Gli storici divisi sul «genocidio» meridionale

In «Carnefici» Aprile accusa i piemontesi. Mastrangelo parla invece di renitenti alla leva

Ma cosa è stata l'Unificazione italiana per il Sud Italia? Dopo i racconti edulcorati che hanno caratterizzato la nostra storiografia della prima metà del '900 si è sviluppata una nuova visione del processo unitario capace di dar conto anche delle violenze che il Sud ha subito. Alcuni di questi testi revisionisti come i recenti lavori di Pino Aprile (a partire da Terroni) hanno colorato a tinte foschissime il nuovo dominio sabaudo.

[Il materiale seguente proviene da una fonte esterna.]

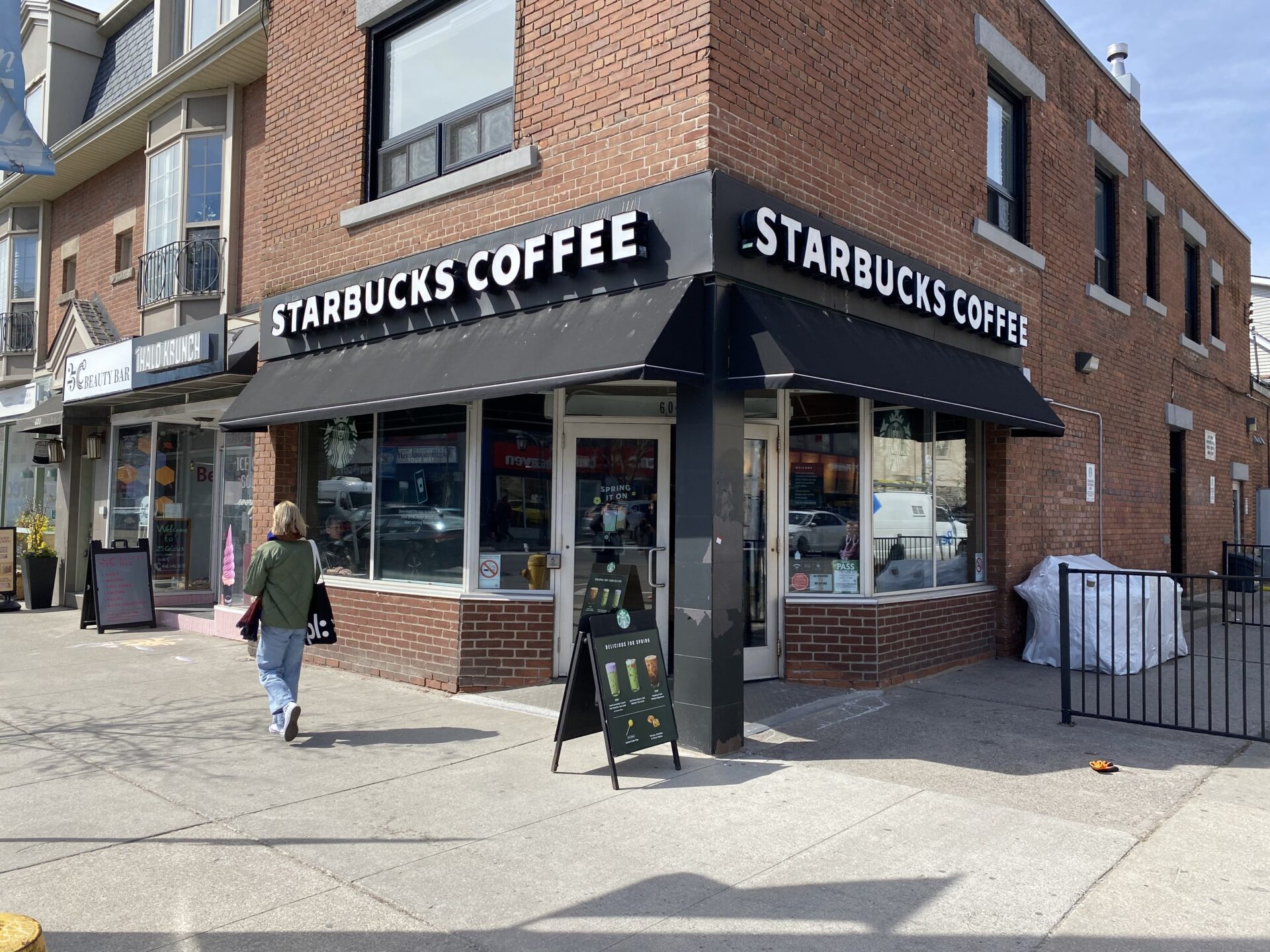 Pape and Danforth Starbucks becomes the first Toronto location to unionize [Video]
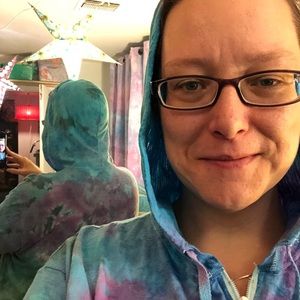 Meet your Posher, Leslie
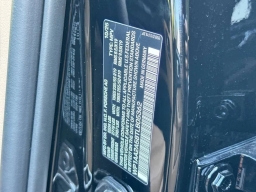 Porsche Macan T AWD 2026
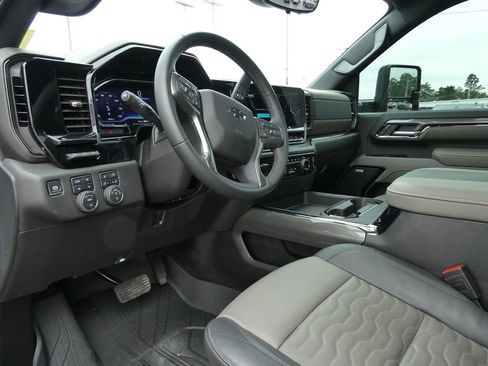 Certified 2025 Chevrolet Silverado 2500 ZR2 w/ Technology Package AWD/4WD image 28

Nell'ultimo lavoro di Aprile, Carnefici (Piemme, pagg. 468, euro 18,50), si arriva ad adombrare la possibilità, a partire dai dati dei censimenti dell'epoca, che l'occupazione piemontese sia stata accompagnata da un genocidio costato centinaia di migliaia di morti. Per usare le parole di Aprile: «Al Sud, secondo i vari raffronti, mancano da almeno 120.000 a 652.000 persone, forse di più, solo da metà del 1860 al 1861: cifre corrispondenti a una quota degli abitanti del Sud continentale, allora, che va dal 2 a più del 9 per cento. Gli stessi compilatori del censimento, per dire, non sanno come spiegare la sparizione di 405.000 persone, di cui 105.000 meridionali (tutti maschi)...».

Per Aprile molti di quegli ammanchi corrispondono a cadaveri e sono spiegabili con la feroce repressione paragonabile a quella del genocidio armeno. «Il Piemonte - scrive lo storico - univa il Paese e ne sfoltiva parte della popolazione, al Sud, perché recalcitrante: o capivi che lo facevano per il tuo bene e cambiavi testa, o te la tagliavano... e magari la esponevano in paese, per educare i dubbiosi».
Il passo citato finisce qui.